Что характерно — пока я постигал науку парусов и канатов, морская болезнь не смела приблизиться к такому занятому человеку. Но стоило мне попытаться провести время в праздном безделии, в мягком гамаке — как сразу мутилось в голове и желудок пытался избавиться от содержимого. Оставался единственный вариант чередовать периоды тяжкого труда палубного матроса с перманентным пьянством. Кажется, я начинал понимать образ жизни флибустьеров.
После такого режима дня совершенно точно хотелось заорать что-то непотребное и прикончить парочку конкистадоров на фоне заходящего солнца. Фахнерт управлялся со штурвалом, двумя удочками и такими бестолковыми членами команды, как мы с Тесом на удивление ловко.

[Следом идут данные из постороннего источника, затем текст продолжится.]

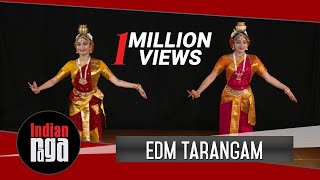 Kuchipudi Dance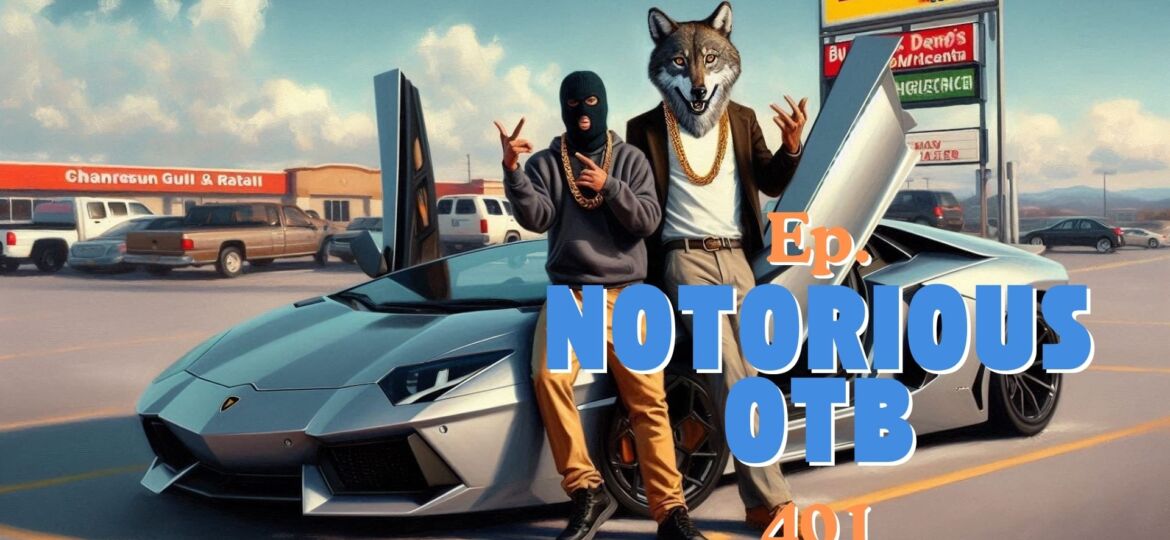 Churchill Downs Saturday 6/28/2025 Stephen F. Foster Day $100 Budget! | The Notorious OTB - Daily Horse Racing Picks (Ep. 401)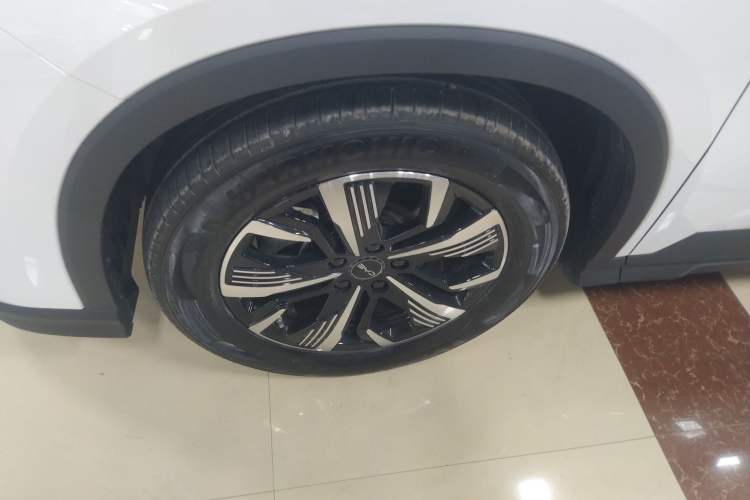 Used BYD Sealion 05 DM-i 2025 DM-i 115KM Prestige Model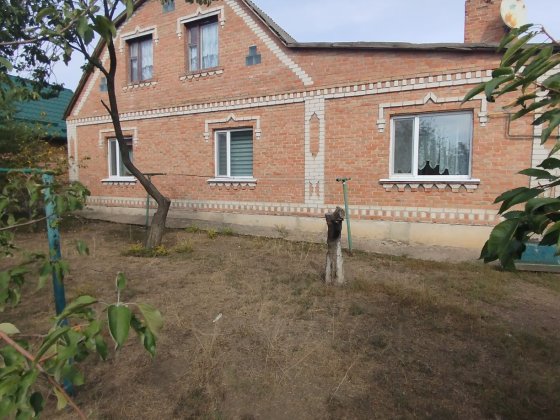 Продаж  будинку з мансардою. Кропивницкий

Под конец первых суток мы стали понимать его с полуслова, запекли на жаровне полдюжины макрелей, выпили полгаллона вина, и, несмотря на порывистый ветер в правый борт и курс бакштаг, приблизились к Гель-Гью, так что до этого города-порта оставалось не больше семи морских миль, или двенадцати-тринадцати верст.
Солнце уже тронуло кромку горизонта, окрасившись в красно-оранжевый цвет, по небу пробегали редкие облака, и я готовился отправляться отдыхать, когда Тес вдруг воскликнул:
— Масса, большая лодка видна. Побольше нашей!
Мы с капитаном синхронно повернули головы в сторону, куда указывал абиссинец.
— Что-то не так с этим кораблем? — вырвалось у меня.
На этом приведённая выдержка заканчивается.